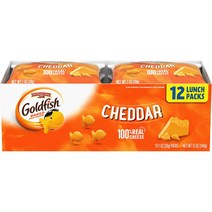 페퍼리지팜 골드 피쉬 체다 크래커 12개입x28g Pepperidge Farm Goldfish Cheddar Crackers 12ct, 28g, 1개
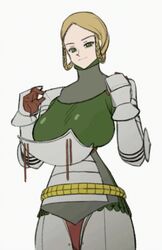 1girls animated armor armour belt big_breasts blonde_hair braid braided_hair breastplate breasts chainmail clothed couters cuisse faulds female female_knight female_only full_armor gauntlets gold_belt green_eyes hammerspace hidden_buxom huge_breasts knight light-skinned_female looking_at_viewer medieval medieval_armor medieval_armour original plate_armor plate_armour rerebrace rondel_(armor) shoulder_armor spaulders titty_drop undoing_clothing vambraces wassnonnam white_background rating:Questionable score:184 user:NoSunNoMoon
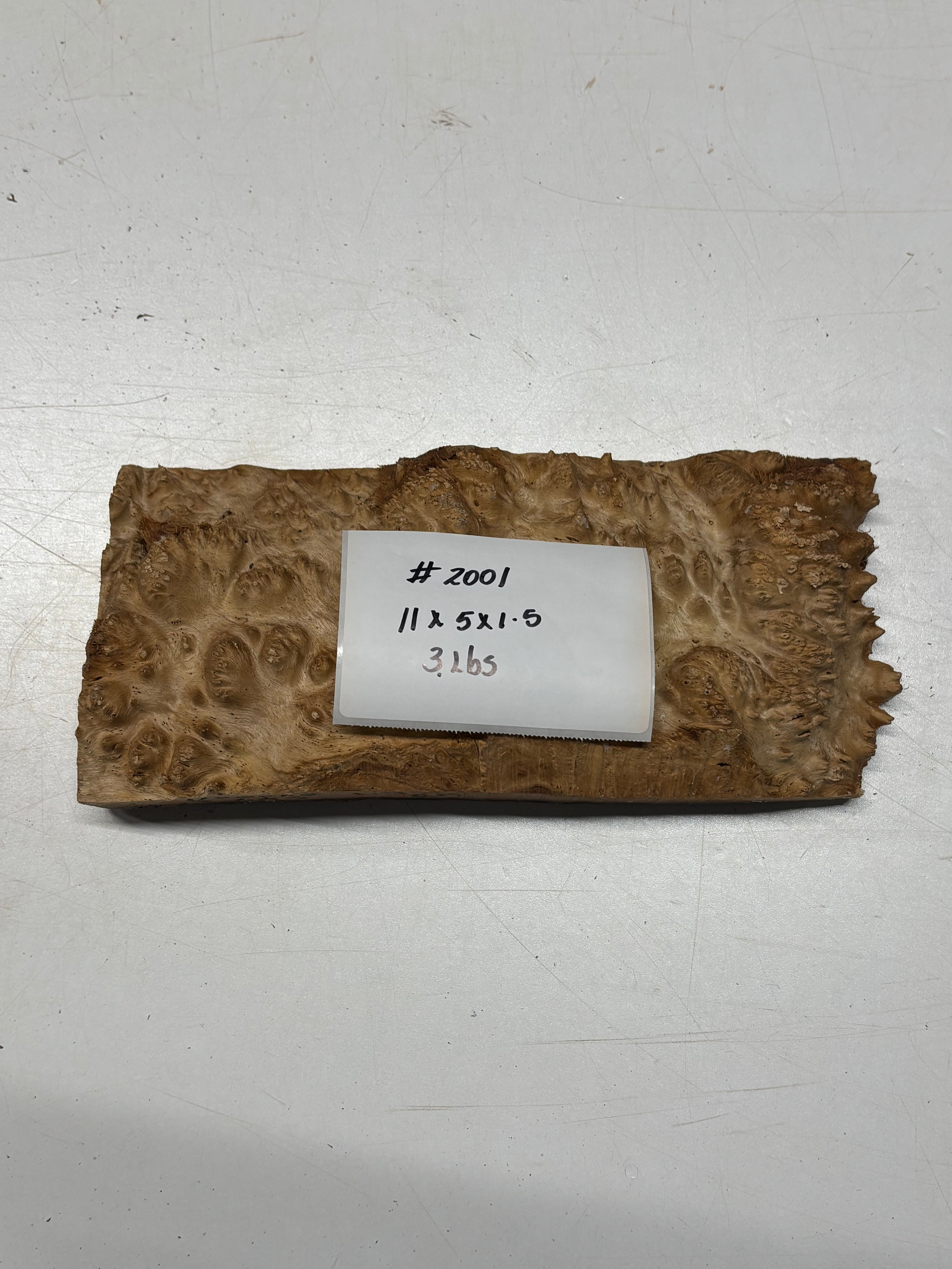 Australian Red Mallee Burl Cap 11" x 5" x 1.5" #2001 - Exotic Wood Zone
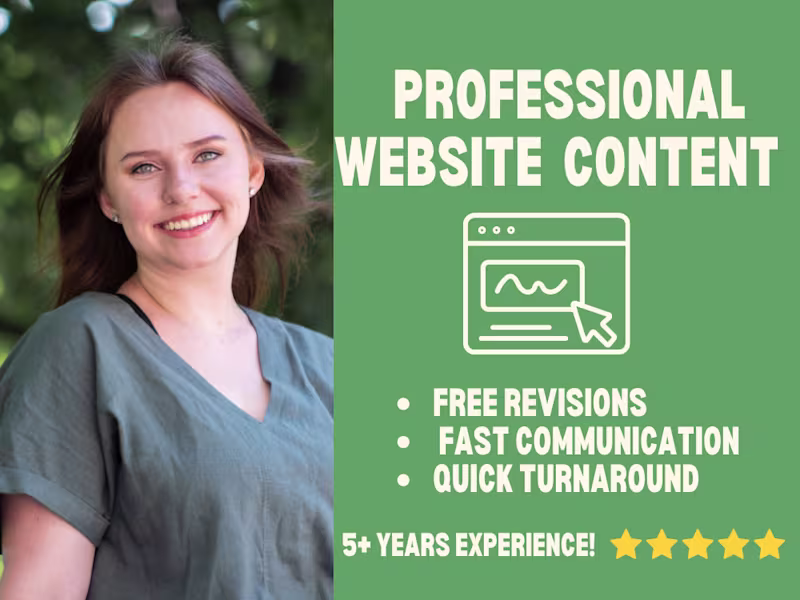 Cover image for I will write engaging website content 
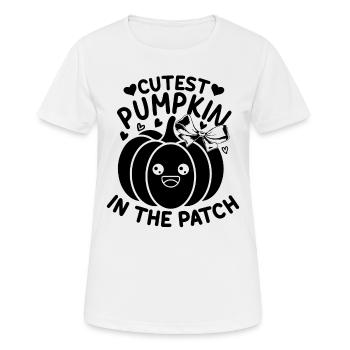 Halloween Cutest Pumpkin In The Family Halloween - Frauen T-Shirt atmungsaktiv - Weiß - Vorne - AI Model Female 172 dark (172cm)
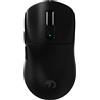 MAMBASNAKE M3, mouse ultraleggera da 39g, sensore gaming PixArt PAW3395PRO, mouse gaming wireless/cablata BT/2.4G, 6 livelli DPI regolabili fino a 40000, autonomia di 200 ore, ideale per l'ufficio, compatibile con Win11/Xbox/PS/Mac (nera)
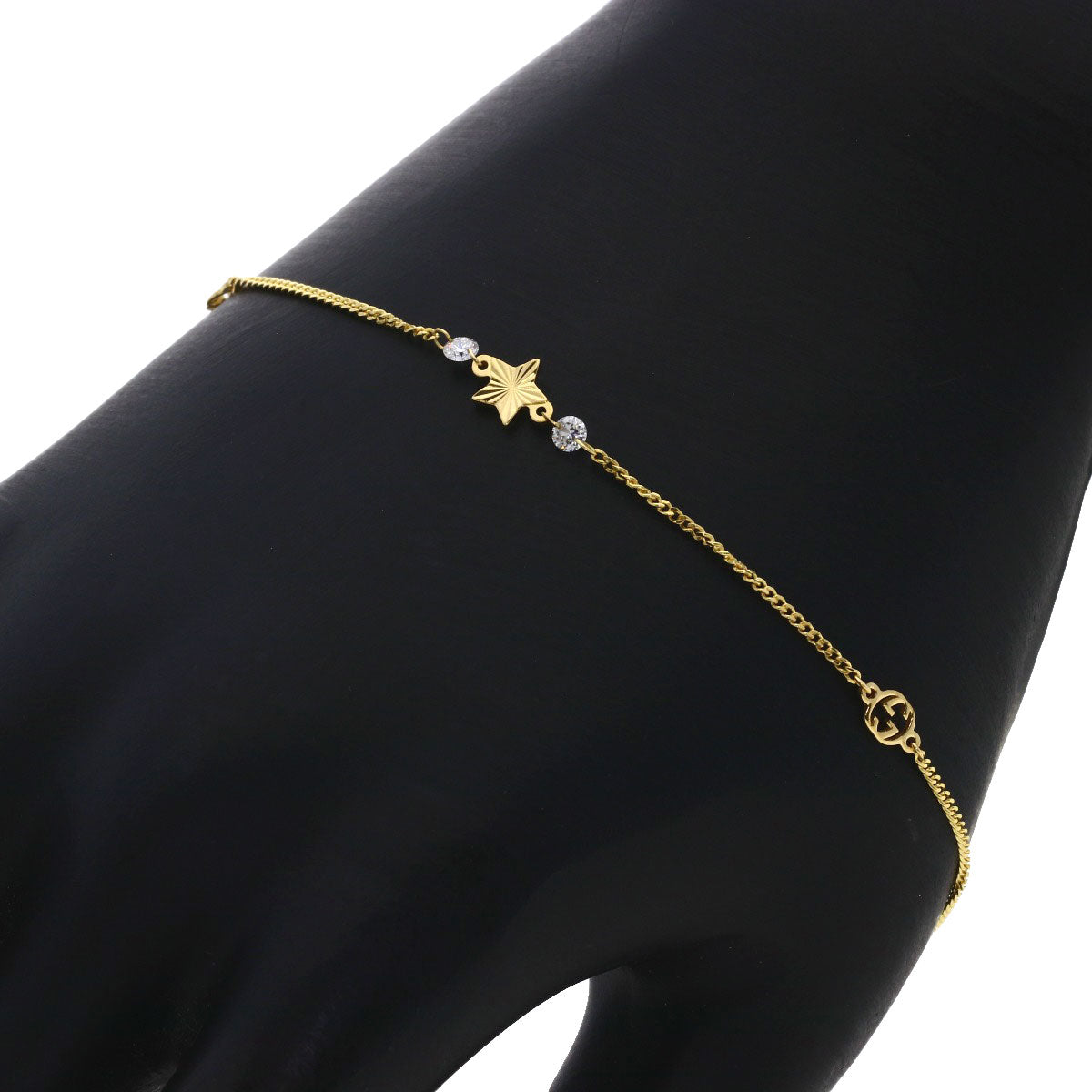 グッチ インターロッキング スター ダイヤモンド #17 ブレスレット 中古 商品画像6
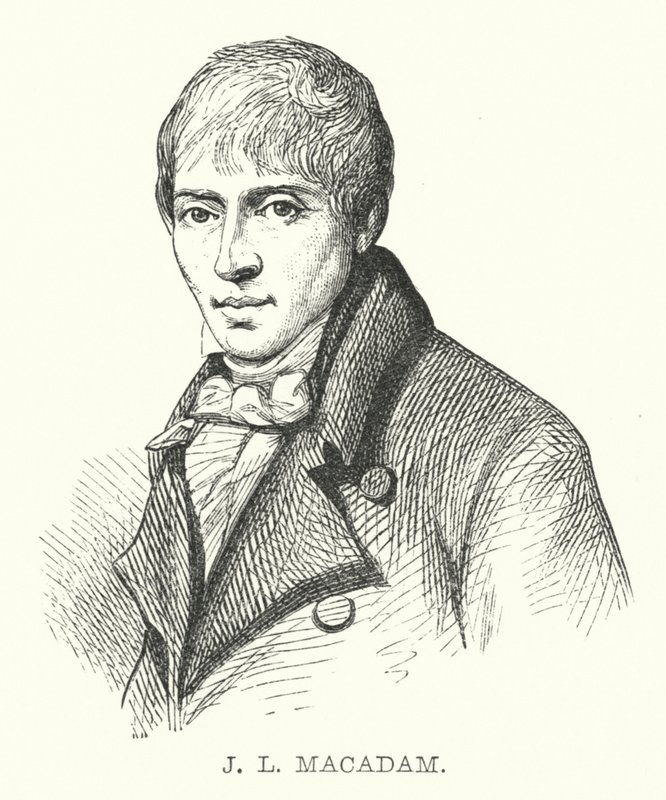 JL MacAdam (gravering) av English School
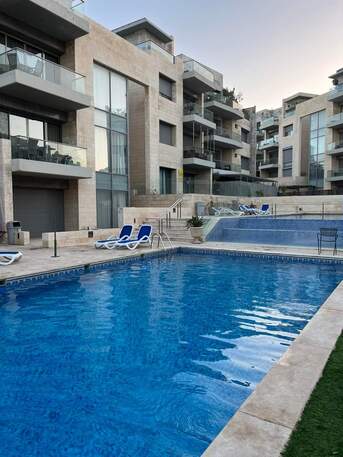 Abdoun, Apartments/Houses, JOD 10000/year,  Furnished,  2 BR,  Ground Fully Furinshed 2B Apart With Garden And Sharing Pool In Abdoun 00962777688956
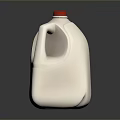 Bassett Milk Jug With Red Cap White Body Blue Red Label And Barcode Household Item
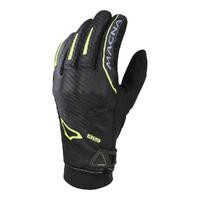 Macna Crew RTX Motorbike Gloves - Black/Fluro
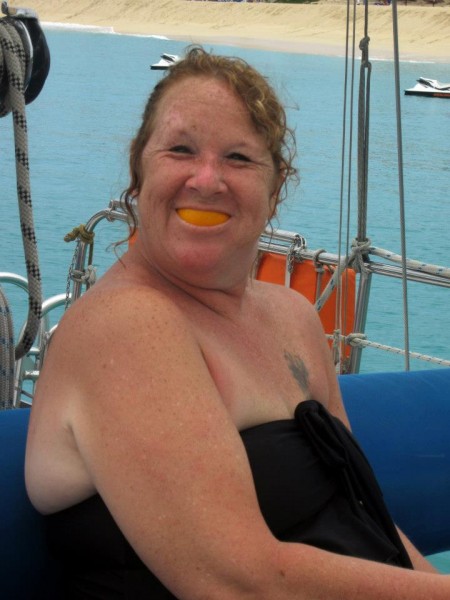 Aunt Dianne, being her usual goofy self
------------------------------------------------
> [Activity]:
Nothing but an exact copy belongs in the answer: the lines from the top of the records through the line containing "MAMBASNAKE M3, mouse", minus the pictures.

> [Written reply]:
 페퍼리지팜 골드 피쉬 체다 크래커 12개입x28g Pepperidge Farm Goldfish Cheddar Crackers 12ct, 28g, 1개
 1girls animated armor armour belt big_breasts blonde_hair braid braided_hair breastplate breasts chainmail clothed couters cuisse faulds female female_knight female_only full_armor gauntlets gold_belt green_eyes hammerspace hidden_buxom huge_breasts knight light-skinned_female looking_at_viewer medieval medieval_armor medieval_armour original plate_armor plate_armour rerebrace rondel_(armor) shoulder_armor spaulders titty_drop undoing_clothing vambraces wassnonnam white_background rating:Questionable score:184 user:NoSunNoMoon
 Australian Red Mallee Burl Cap 11" x 5" x 1.5" #2001 - Exotic Wood Zone
 Cover image for I will write engaging website content 
 Halloween Cutest Pumpkin In The Family Halloween - Frauen T-Shirt atmungsaktiv - Weiß - Vorne - AI Model Female 172 dark (172cm)
 MAMBASNAKE M3, mouse ultraleggera da 39g, sensore gaming PixArt PAW3395PRO, mouse gaming wireless/cablata BT/2.4G, 6 livelli DPI regolabili fino a 40000, autonomia di 200 ore, ideale per l'ufficio, compatibile con Win11/Xbox/PS/Mac (nera)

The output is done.